# Spero ,Ellerman Wilson Line.



## redgreggie (Jun 13, 2005)

ro-ro ferry operating between hull and gothenburg, i was on it for a year, i probably joined in late '68.
the ship had a fantastic social life, we were allowed to take passengers down to the crew bar which was run by the catering guys, in fact we didn't see too many deck crew in there.
the bar was always full to bursting during the season, with stewards and the passengers that the stewards had invited.
also, and just as important, was the football team, we trained in the winter at a place called "rosehill",and in the summer we were in a league, which was open to all nationalities, we played all of the games at rosehill.there were hundreds of ships in the league, a special points system had to be devised whereby you got bonus for beating a team that was high in the league, bonus's for scoring lots of goals etc.
each team was only allowed to play 7 league matches and they threw a special dinner and presentation for the winners. we were in the lead, well in the lead, after playing 5 league games, we would only play league matches against the top teams, we were winning with scores like 14-0, we seemed unbeatable, our swedish "mentor" stig danielson couldn't see anyone beating us.........................i was sacked from the ship for turning too late once too often............i saw some of my old ship mates........ we lost our last 2 league games, but still finished as the highest placed british ship.
we were presented with a pocket knife ( i believe) and a medal with a swedish ribbon on it. i got the medal, from george, the restaurant manager, but not the knife. i don't even have the medal now.
i'd love to chat to some of the team or anyone who use to watch us play.
who knows?


----------



## trotterdotpom (Apr 29, 2005)

In about 1973 the bosun from Spero (either her or her successor) stayed at Anchor House, Hull, while on leave. Sorry can't remember his name but he'd been there for years. He told me about a sleazy Swede who came on board in Gothenburg and set up his cine equipment in the mess and showed a stack of blue movies to the crew.

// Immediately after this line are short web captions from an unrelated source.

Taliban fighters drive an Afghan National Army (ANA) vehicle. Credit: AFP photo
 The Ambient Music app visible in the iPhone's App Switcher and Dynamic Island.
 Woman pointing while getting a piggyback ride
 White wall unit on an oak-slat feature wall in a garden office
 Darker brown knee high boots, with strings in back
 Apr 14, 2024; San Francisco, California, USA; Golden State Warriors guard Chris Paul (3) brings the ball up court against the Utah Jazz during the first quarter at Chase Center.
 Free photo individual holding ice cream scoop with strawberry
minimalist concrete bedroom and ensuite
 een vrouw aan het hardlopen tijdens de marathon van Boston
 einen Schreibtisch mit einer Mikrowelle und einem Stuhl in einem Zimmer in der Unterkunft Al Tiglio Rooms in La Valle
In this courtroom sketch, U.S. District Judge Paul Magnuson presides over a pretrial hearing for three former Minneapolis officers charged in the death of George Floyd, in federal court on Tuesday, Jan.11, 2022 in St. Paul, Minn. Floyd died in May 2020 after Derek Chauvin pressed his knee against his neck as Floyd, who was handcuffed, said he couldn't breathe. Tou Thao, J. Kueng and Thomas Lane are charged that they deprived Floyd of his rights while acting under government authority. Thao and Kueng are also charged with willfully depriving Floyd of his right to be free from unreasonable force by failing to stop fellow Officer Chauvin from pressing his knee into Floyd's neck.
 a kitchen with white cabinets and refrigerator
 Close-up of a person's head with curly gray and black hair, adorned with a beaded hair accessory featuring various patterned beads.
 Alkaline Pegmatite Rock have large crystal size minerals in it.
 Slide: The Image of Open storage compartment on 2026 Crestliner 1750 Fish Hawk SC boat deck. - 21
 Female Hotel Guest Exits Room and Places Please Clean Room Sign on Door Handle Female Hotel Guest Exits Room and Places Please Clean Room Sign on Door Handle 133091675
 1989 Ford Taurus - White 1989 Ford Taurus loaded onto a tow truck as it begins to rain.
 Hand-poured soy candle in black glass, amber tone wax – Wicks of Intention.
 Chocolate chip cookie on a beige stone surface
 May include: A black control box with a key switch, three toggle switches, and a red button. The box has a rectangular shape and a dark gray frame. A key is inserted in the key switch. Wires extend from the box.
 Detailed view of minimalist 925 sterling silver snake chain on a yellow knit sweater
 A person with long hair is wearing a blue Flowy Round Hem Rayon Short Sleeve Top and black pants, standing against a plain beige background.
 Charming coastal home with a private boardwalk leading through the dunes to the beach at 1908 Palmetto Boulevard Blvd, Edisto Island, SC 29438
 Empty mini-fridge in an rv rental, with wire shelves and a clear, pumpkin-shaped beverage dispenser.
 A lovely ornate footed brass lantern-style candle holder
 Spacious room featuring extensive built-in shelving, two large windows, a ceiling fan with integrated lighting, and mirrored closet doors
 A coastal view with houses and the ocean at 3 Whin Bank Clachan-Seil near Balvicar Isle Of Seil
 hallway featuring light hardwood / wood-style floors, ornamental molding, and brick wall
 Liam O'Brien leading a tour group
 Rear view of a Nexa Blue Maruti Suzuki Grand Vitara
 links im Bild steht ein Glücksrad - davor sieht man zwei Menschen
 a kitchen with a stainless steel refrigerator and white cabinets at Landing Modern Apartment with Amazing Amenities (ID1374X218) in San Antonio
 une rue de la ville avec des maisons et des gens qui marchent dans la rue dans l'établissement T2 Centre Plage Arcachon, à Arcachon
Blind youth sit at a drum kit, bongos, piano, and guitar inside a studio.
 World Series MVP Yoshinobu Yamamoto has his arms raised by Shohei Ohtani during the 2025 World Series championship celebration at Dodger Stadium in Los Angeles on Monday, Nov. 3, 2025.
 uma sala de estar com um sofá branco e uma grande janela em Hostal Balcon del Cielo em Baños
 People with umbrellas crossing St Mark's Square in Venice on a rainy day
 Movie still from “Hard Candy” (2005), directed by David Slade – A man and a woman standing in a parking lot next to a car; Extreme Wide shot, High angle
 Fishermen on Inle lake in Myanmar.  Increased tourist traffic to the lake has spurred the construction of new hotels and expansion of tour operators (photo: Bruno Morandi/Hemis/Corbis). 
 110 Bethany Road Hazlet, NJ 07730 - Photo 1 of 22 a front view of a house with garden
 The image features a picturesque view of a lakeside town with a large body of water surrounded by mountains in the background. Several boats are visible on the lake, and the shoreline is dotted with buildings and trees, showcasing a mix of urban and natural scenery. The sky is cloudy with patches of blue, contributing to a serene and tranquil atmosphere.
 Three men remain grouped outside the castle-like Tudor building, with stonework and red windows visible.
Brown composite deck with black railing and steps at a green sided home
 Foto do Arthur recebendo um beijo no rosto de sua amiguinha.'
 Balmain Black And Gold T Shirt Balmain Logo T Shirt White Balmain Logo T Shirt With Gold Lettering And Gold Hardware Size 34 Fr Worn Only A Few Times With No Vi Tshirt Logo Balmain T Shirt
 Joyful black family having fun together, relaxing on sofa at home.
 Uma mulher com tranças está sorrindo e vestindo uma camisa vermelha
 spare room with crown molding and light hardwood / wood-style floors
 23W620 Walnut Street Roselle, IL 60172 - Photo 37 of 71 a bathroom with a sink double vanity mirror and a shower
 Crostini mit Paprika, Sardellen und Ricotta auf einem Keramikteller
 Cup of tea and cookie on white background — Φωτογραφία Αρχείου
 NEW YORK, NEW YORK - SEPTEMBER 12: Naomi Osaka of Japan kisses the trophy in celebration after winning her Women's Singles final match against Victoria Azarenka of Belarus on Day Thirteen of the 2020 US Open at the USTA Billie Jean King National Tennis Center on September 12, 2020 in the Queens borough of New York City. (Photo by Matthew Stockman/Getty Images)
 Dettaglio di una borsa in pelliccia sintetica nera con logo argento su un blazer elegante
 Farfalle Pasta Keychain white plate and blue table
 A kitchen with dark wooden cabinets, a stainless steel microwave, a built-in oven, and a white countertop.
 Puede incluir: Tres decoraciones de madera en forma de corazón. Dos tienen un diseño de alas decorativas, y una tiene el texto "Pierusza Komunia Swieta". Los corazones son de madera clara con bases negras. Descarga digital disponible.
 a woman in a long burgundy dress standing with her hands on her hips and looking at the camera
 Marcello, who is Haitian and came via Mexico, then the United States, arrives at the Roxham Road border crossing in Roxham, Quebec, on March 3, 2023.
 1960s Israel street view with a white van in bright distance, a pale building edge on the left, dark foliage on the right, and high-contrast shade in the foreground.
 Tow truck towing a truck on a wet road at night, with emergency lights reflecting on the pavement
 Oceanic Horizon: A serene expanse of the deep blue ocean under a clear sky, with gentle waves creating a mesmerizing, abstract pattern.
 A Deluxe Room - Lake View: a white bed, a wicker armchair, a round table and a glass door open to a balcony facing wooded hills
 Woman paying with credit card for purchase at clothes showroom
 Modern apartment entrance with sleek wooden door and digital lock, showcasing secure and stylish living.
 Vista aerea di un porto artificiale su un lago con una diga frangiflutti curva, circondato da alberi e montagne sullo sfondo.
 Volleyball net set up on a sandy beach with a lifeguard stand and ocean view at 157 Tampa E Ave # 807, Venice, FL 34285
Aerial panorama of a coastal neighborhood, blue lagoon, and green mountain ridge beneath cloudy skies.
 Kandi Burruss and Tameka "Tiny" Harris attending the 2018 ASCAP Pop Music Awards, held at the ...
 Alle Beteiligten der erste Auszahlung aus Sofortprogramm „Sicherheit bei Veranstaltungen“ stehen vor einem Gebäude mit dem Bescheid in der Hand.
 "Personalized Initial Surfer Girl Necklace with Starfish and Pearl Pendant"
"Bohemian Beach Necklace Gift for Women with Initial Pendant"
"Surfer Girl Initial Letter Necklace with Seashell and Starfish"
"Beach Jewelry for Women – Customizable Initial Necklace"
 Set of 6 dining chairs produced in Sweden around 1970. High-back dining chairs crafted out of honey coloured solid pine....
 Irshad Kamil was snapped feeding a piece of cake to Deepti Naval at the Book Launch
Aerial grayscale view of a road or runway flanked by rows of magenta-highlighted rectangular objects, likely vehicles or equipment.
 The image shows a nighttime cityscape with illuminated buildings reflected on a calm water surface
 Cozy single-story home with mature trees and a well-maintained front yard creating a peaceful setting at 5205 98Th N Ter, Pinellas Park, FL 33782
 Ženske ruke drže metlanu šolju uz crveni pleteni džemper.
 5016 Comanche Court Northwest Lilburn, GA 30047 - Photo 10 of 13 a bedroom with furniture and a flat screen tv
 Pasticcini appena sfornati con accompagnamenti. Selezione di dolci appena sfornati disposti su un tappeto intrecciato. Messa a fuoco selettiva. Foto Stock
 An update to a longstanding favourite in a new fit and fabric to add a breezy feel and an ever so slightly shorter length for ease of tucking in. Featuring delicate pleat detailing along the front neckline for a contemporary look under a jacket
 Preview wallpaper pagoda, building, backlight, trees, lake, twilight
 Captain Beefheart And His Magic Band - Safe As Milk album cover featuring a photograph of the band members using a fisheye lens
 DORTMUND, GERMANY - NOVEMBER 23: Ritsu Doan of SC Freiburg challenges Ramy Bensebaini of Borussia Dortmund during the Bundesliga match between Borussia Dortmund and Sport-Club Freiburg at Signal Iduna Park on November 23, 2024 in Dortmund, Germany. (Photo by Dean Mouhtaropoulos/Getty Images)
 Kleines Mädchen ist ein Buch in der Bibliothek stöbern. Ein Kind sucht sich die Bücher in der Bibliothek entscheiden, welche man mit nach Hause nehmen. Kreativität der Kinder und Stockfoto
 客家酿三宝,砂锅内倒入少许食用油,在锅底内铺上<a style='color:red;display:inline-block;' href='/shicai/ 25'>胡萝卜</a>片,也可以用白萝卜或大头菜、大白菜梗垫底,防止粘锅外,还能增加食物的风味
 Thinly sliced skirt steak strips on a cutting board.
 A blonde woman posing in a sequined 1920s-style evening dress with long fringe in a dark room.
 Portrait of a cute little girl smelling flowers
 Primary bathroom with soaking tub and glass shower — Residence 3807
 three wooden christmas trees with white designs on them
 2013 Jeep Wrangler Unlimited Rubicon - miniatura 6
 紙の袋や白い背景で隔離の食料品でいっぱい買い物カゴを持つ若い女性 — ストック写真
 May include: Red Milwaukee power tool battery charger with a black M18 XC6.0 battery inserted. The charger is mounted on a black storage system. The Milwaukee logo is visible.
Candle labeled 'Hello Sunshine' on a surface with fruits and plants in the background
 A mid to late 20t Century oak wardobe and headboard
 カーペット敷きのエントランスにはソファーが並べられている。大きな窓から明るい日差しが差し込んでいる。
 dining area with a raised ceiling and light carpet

The show was greeted with plenty of laughs and ribald comments from the appreciative lads. While packing up his gear, the Swede said: "Right, who wants to be in one?" He turned round to see and empty mess room! Gentler days?

John T.


----------



## cambria49 (May 11, 2005)

She was of course broken up at Alang last year.

Rgds,

Justin


----------



## redgreggie (Jun 13, 2005)

trotterdotpom said:


> In about 1973 the bosun from Spero (either her or her successor) stayed at Anchor House, Hull, while on leave. Sorry can't remember his name but he'd been there for years. He told me about a sleazy Swede who came on board in Gothenburg and set up his cine equipment in the mess and showed a stack of blue movies to the crew. The show was greeted with plenty of laughs and ribald comments from the appreciative lads. While packing up his gear, the Swede said: "Right, who wants to be in one?" He turned round to see and empty mess room! Gentler days?
> 
> John T.


The bosun, was a tallish, thin chap, a Swede I believe, he now and again went on a bender, you always knew when he had been on one as he use to polish off a can ( or two ) of conny onny.
The Swede who use to come on board with the porn was affectionately known as Pete the Peddlar, no one ever use to buy anything of the porn, though if I remember correctly he use to do some trade in watches, one day someone knocked a mug of coffee over the whole selection of porn, Pete was none too happy.
Happy days eh!


----------